More recently, earlier in March the 2022 NCAA Division I Wrestling Championships were held at Little Caesars Arena, bringing 40,000 people to downtown Detroit, said Molinari. The draft is expected to be “far ahead of that,” he said.
But these events don’t come for free
Molinari and cities that have hosted the draft call it an economic windfall. The visitors bureau of Philadelphia said the draft created a $94 million economic impact. Dallas says it reaped $125 million, while Nashville touted a $133 million boon from hosting in 2019.
Those estimates are based on reports commissioned by the visitor’s bureaus tasked with ensuring the events are a success.
But there are costs.
“We are going to work with our partners at the City of Detroit and the State of Michigan, but there is no financial obligation from those political entities at this time,” said Chris Moyer, senior director of communications for Visit Detroit.
He also said Visit Detroit has a “significant portion” of the funding needed to pay for the event, largely in the forms of commitments via private donations.

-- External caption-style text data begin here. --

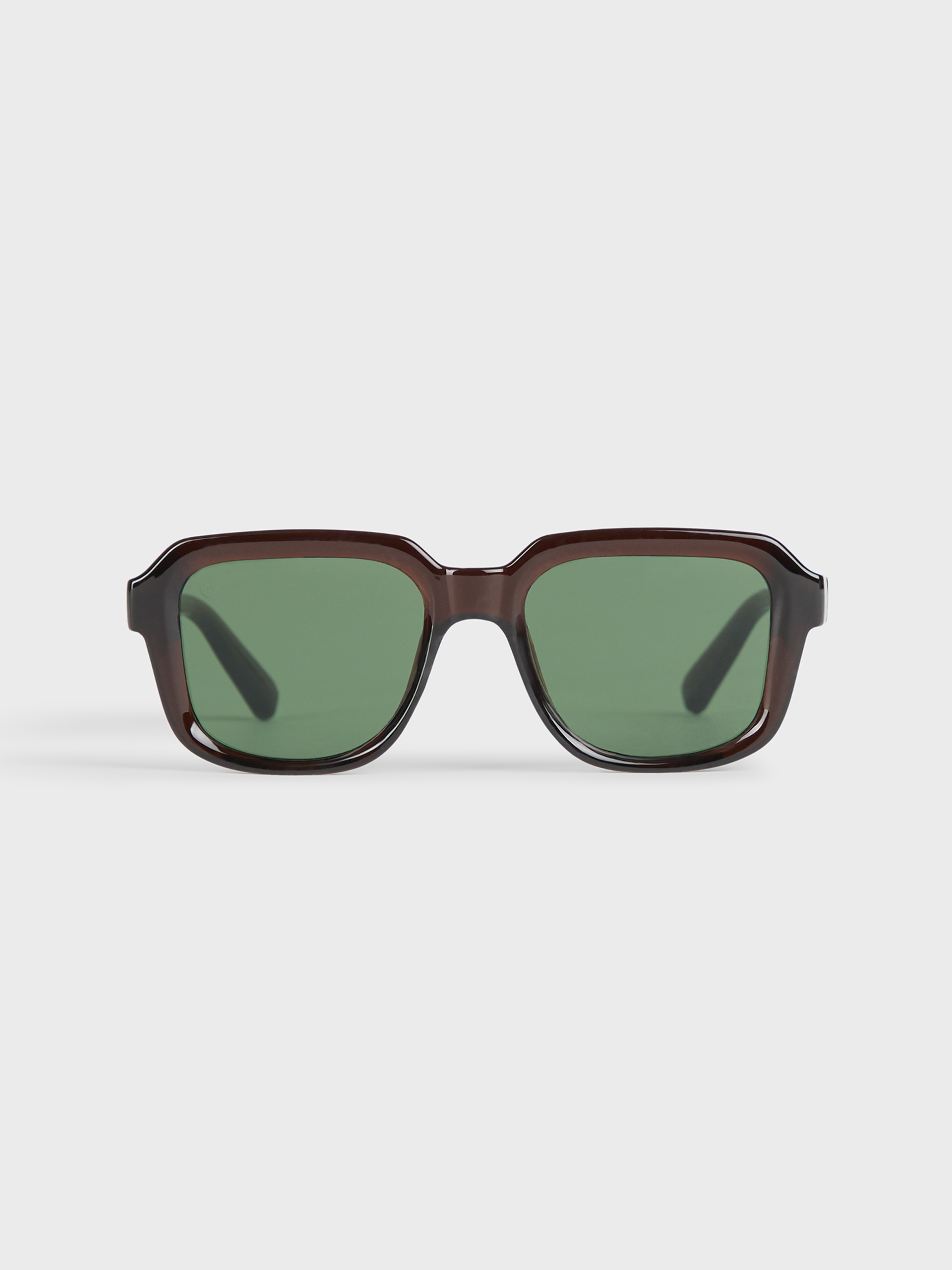 GAFAS MONACO MARR&Oacute;N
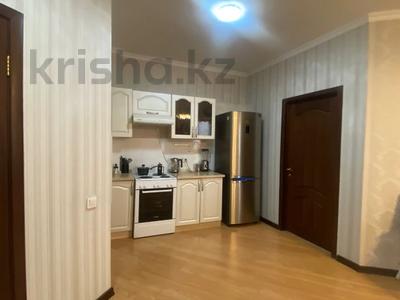 3-комнатная квартира, 70.6 м², 6/9 этаж, Аскарова за 58.5 млн 〒 в Алматы, Бостандыкский р-н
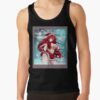ratankx186010101001c5ca27c6front c288321600600 bgf8f8f8 45 - High School DxD Shop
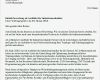 Vorlage Bewerbung Industriemechaniker Beste Bewerbung Ausbilder Für Industriemechaniker Gekündigt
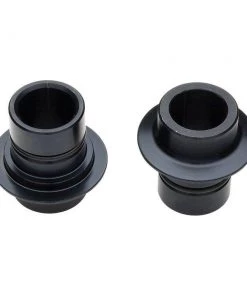 Hope Front Hub Conversion Kits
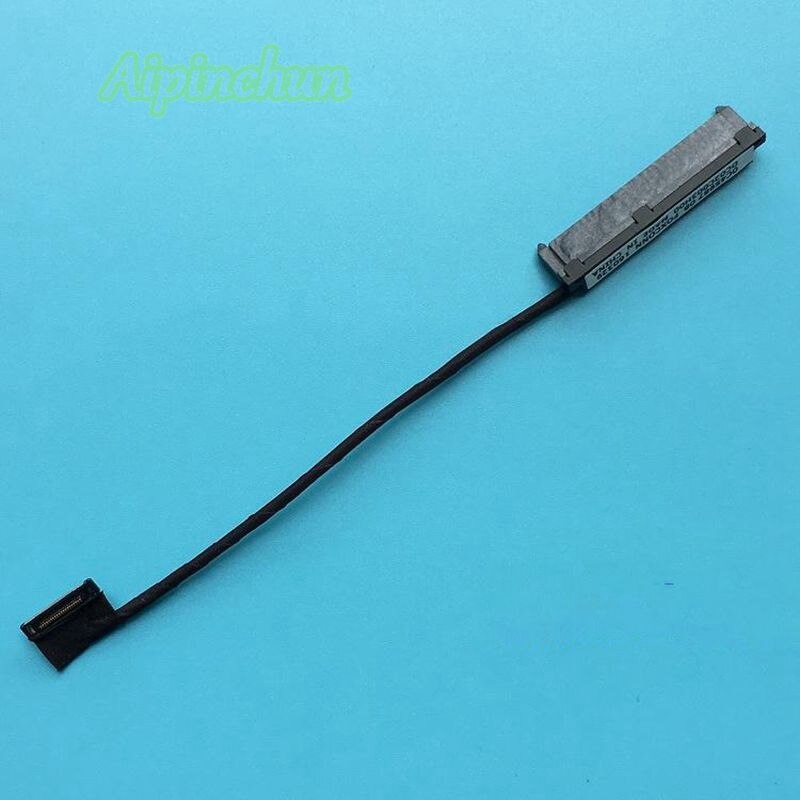 HDD Cable Hard Driver Conector Lenovo Thinkpad X230S X240 X240S X250 0C45987 DC02C003H00 HDD Cable Hard Driver Conector Lenovo Thinkpad X230S X240 X240S X250 0C45987 DC02C003H00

But they’re planning additional fundraising efforts in the months to come.
There’s no guarantee the state and city won’t open their coffers in the future — it’s happened with multiple other drafts.
Philadelphia chipped in about $500,000 in 2017, according to local publication Billy Penn. The State of Texas used more than $2.1 million from a taxpayer-stocked fund created especially to defray the costs of big events, according to the Dallas Morning News.
Stefan Szymanski, a professor of sports management at the University of Michigan, said one-time events like these aren’t the economic windfall they’re cracked up to be.
Szymanski said compared with metro Detroit’s annual gross domestic product of around $260 billion, the visitor spending coming from this event amounts to, at most, one-tenth of one percent of all economic activities. And these events don’t come into town for free, he said, citing costs such as redirecting traffic.
“That’s money that could be spent on other activities, which might actually be more useful for the local economy like providing children with a proper education or providing proper health care,” he said.
City officials, though, say hosting the draft will provide an international spotlight on Detroit and will highlight the city’s recent progress, like Ford Motor Co.’s redevelopment of Michigan Central Station, which is scheduled to be completed before 2024.
“The NFL draft will be a perfect time for media and visitors from around the country to see the progress our city has made and continues to make,” Hakim Berry, chief operating officer of the city of Detroit, said in an emailed statement.